La empresa argentina Alpargatas decidió cerrar la fábrica de Dolores, por lo que 110 empleados quedarán sin empleo.
Ante esta situación, el ministro de Trabajo, Eduardo Brenta, recibió este miércoles al sindicato de trabajadores, al intendente de Soriano, Guillermo Besozzi, y a los tres diputados por el departamento.
Brenta dijo a El Observador que la empresa, que pagará los despidos a los empleados el próximo 9 de mayo, “se mostró receptiva a la posibilidad de que los trabajadores hagan una propuesta para dar continuidad al emprendimiento”. Por eso, la unidad de Empresas Recuperadas del Ministerio comenzará a evaluar con los empleados las posibilidades para que continúen trabajando en una empresa propia.
“Se intentará elaborar una propuesta para que se de continuidad, que inclusive podrá ser proveedora de la actual Alpargatas. Los empleados definirán si están dispuestos a llevar adelante un emprendimiento propio”, dijo Brenta.
En tanto, los diputados pedirán una entrevista a la Cámara de Industrias del Calzado para comenzar a evaluar las posibilidades con los empresarios del sector.
Por su parte el diputado del Frente Amplio por Soriano, Roque Arregui, aseguró a El Observador que una de las posibilidades es la conformación de una cooperativa o una sociedad anónima, que asociada con la empresa argentina, le venda su producción, lo que “requiere cierto compromiso por parte de los trabajadores como por ejemplo destinar parte del despido al emprendimiento”.

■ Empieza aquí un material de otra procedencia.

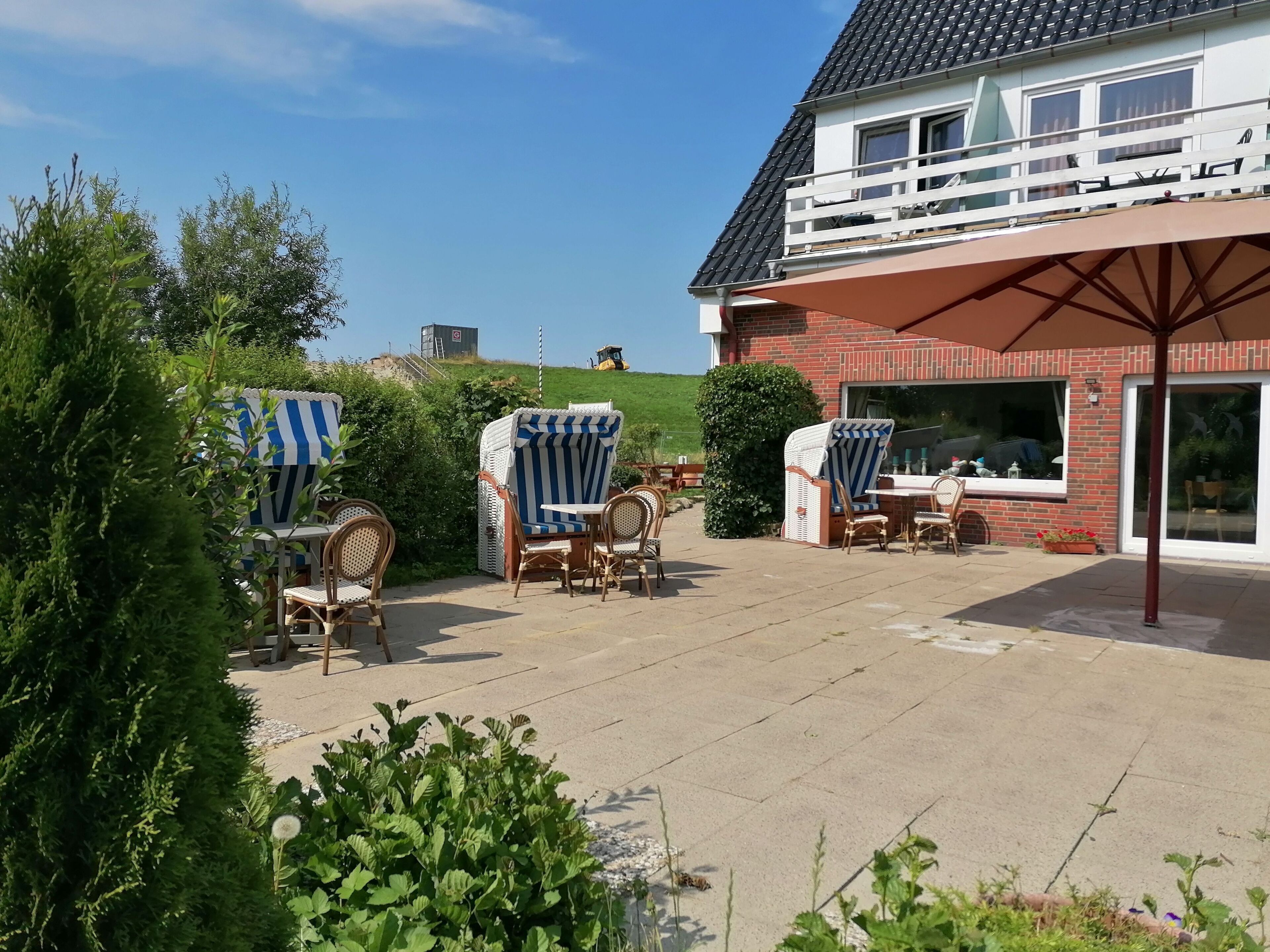 A patio area with outdoor furniture, a covered seating area, and a view of a hill.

Arregui relató que el 70% de la producción de la fábrica se destina a la elaboración de la capellada de calzados de la marca Topper. Una de las posibilidades es que la empresa brinde la maquinaria y la infraestructura y le siga comprando el producto.
El “plan B” como lo definió Arregui, consiste en la puesta en marcha de programas de trabajo para entre 10 y 20 personas según la capacitación de cada una de ellas.

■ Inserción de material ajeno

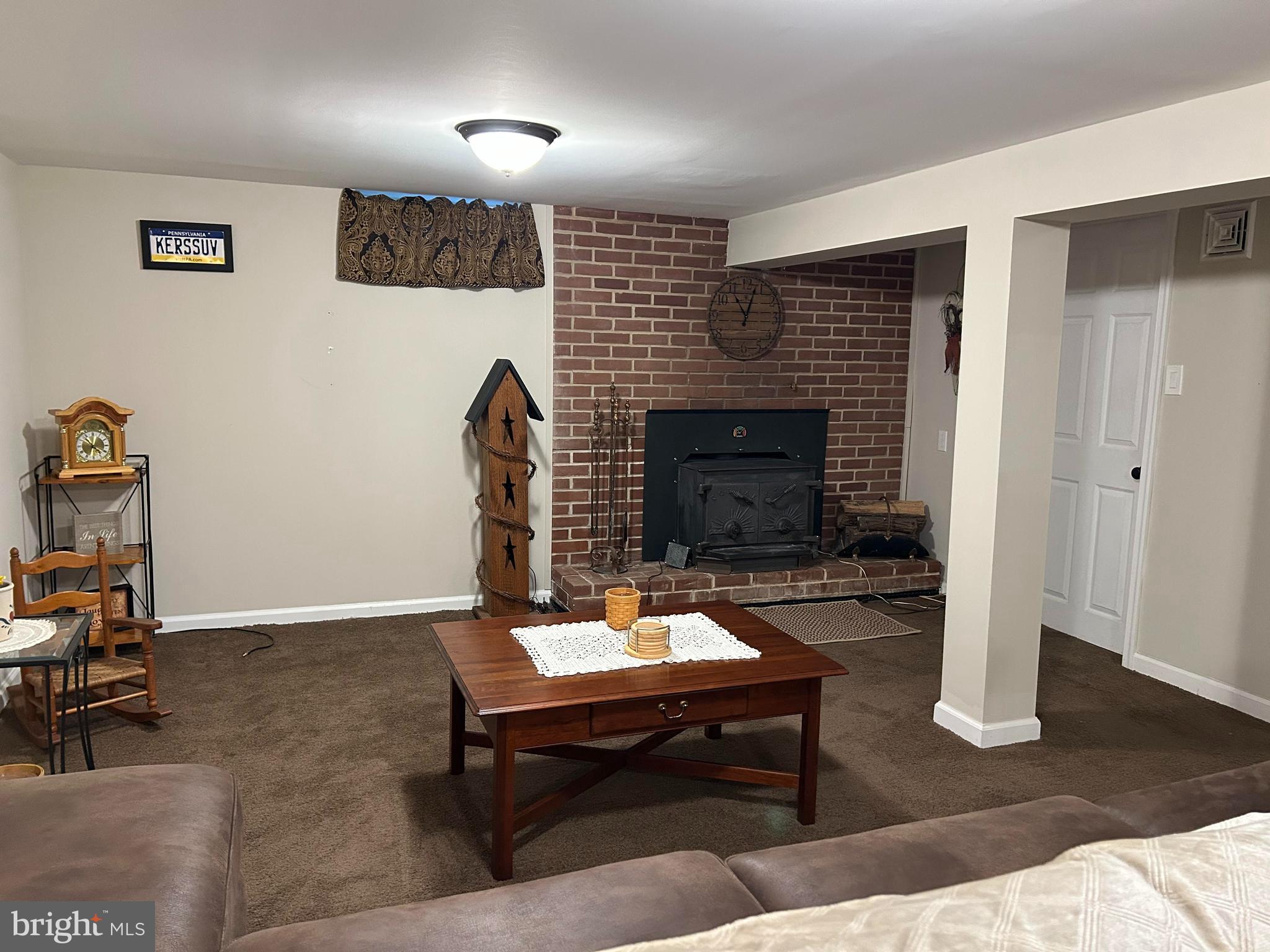 259 Hoffman Road Gettysburg, PA 17325 - Photo 20 of 23 a living room with furniture a fireplace and a flat screen tv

MINISTERIO DE TRABAJO ENTREGA ÚLTIMA PROPUESTA PARA SECTOR TIENDAS
El Ministerio de Trabajo hará mañana una propuesta de votación para el sector tiendas, debido a la falta de acuerdo entre las partes. La propuesta, según dijo a El Observador el ministro Eduardo Brenta, implica un 14% de incremento salarial, con un ajuste del 8% en julio, y un incremento que permitirá que en enero de 2012 los empleados alcancen los $ 9.600 de salario mínimo.
“Lamentablemente no hubo acuerdo. Los trabajadores de las tiendas han sido más flexibles incluso que los de los supermercados, pero no se llegó a soluciones”, dijo Brenta, y por ese motivo es que presentará la última propuesta para laudar los salarios.